A Roma bici e monopattini elettrici potrebbero coprire mediamente fino al 20% degli spostamenti effettuati con auto privata dal lunedì al venerdì, mentre l’uso del mezzo privato nell’ora di punta si potrebbe ridurre di un 10% utilizzando in alternativa metro o treno in combinazione con monopattini elettrici privati trasportabili a bordo. È quanto emerge da un’indagine condotta da Enea in collaborazione con le università ‘Roma Tre’ e ‘Roma Tor Vergata’ su un campione di 240mila autovetture, per un totale di 9 milioni di spostamenti monitorati.

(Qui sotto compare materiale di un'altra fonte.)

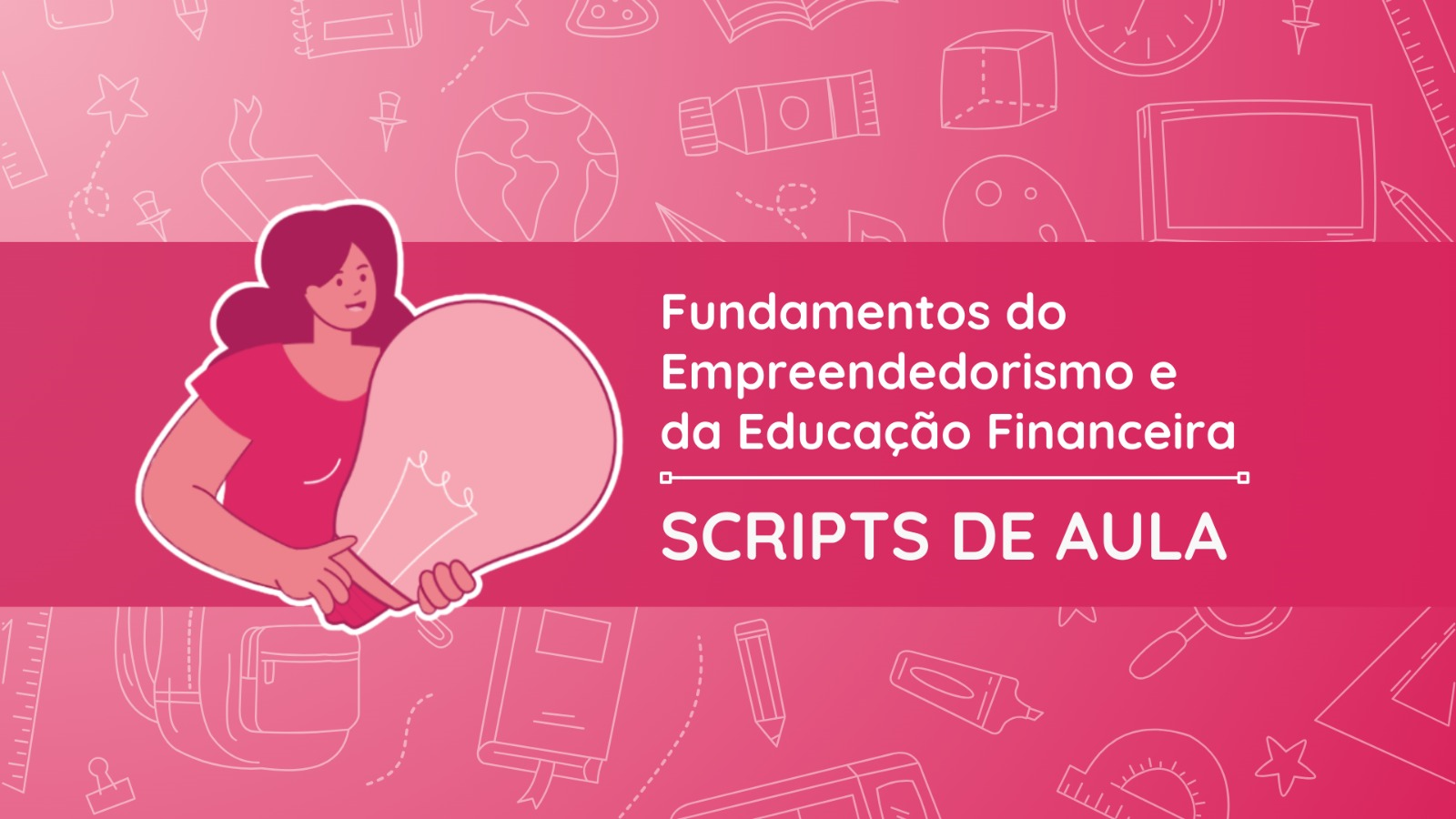 Script de Aula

“La nostra indagine puntava a identificare i viaggi in automobile ‘trasferibili’ verso nuove forme di micromobilità elettrica – afferma Carlo Liberto, ricercatore del Laboratorio Enea Sistemi e Tecnologie per la Mobilità Sostenibile – Siamo partiti fissando due soglie di distanza massima percorribile dai mezzi elettrici, 6 chilometri per le bici e 3 chilometri per i monopattini, tenendo conto delle caratteristiche delle infrastrutture, dell’accessibilità e dei costi dei servizi di sharing, presenti nelle diverse zone della città. Si è considerato che saranno più inclini ad adottare soluzioni di micromobilità elettrica quegli utenti che si muovono in zone con una prevalenza di piste ciclabili o di strade a velocità ridotta, laddove la percezione di sicurezza è maggiore”.

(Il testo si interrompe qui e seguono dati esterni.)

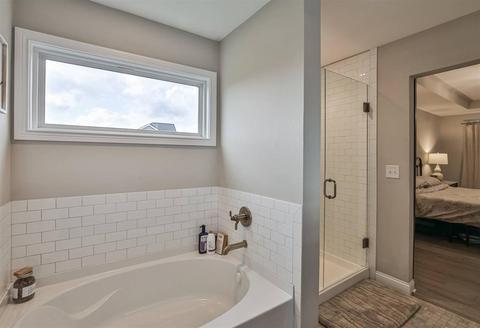 1009 Prestwick Pl, Cincinnati, OH 45245 photo 39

Per questo studio i ricercatori hanno sviluppato un nuovo indice, denominato Micromobility Compatibility Index (Mci), che misura la potenziale compatibilità delle infrastrutture viarie con i mezzi di micromobilità (soprattutto e-bike e monopattini) per tutta l’area metropolitana di Roma suddivisa in circa 1.400 zone. Dall’indice emerge che Roma ha un buon potenziale di sviluppo della mobilità alternativa, anche se sono emerse differenze marcate: in alcune aree il valore è basso per la quasi totale assenza di infrastrutture viarie a supporto della mobilità attiva, mentre in altre è alto per la presenza di aree verdi con molti percorsi pedonali e ciclabili. Se si prende in considerazione la soluzione di viaggio che prevede la combinazione di monopattino e mezzi di trasporto pubblici, le percentuali più elevate di domanda potenziale di micromobilità si registrano lungo le linee B1 e C della metropolitana.
“Questi risultati potrebbero essere utili a un fornitore di servizi di micromobilità condivisa per valutare meglio in quali aree della città e, persino, presso quali fermate della metropolitana proporre il servizio di biciclette e monopattini elettrici. Di contro, l’amministrazione avrebbe a disposizione una mappa con le aree dove sarebbero più necessari interventi infrastrutturali per offrire ai cittadini la possibilità di utilizzare altre forme di mobilità più rispettose della sostenibilità e della vivibilità cittadina”, sottolinea Francesco Vellucci, responsabile del Laboratorio Enea Sistemi e Tecnologie per la Mobilità Sostenibile.
L’approccio metodologico utilizzato permette di replicare lo studio per tutte le città che dispongono di banche dati su mobilità individuale, infrastrutture viarie e servizi di trasporti, identificando le aree urbane a maggiore potenziale di sviluppo della micromobilità. “Per stime più accurate sul mercato potenziale sarà necessario organizzare indagini campionarie più specificatamente articolate su fattori e caratteristiche personali dell’utente come, ad esempio, età, genere, reddito, attitudine a comportamenti ‘green’, esigenze di mobilità e stile di vita – aggiunge Vellucci – In Italia, il 32% degli spostamenti viene effettuato con micromobilità e mobilità attiva: certamente non possono sostituire completamente il mezzo privato in tutte le situazioni, ma possono diventare un alleato del trasporto pubblico nel contenimento del traffico cittadino, dell’inquinamento e nel miglioramento della qualità di vita”.